> Goal of the exercise:
Scan the listing below for the word "manga" and copy every line where it occurs.

> Listed records:
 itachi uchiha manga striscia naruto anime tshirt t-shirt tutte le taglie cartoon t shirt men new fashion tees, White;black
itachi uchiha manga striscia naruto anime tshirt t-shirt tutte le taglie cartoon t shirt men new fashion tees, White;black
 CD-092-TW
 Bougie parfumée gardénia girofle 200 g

...

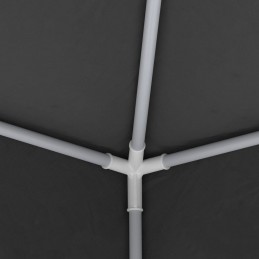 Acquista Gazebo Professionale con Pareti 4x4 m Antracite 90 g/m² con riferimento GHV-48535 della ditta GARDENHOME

> Answer space:
 itachi uchiha manga striscia naruto anime tshirt t-shirt tutte le taglie cartoon t shirt men new fashion tees, White;black
itachi uchiha manga striscia naruto anime tshirt t-shirt tutte le taglie cartoon t shirt men new fashion tees, White;black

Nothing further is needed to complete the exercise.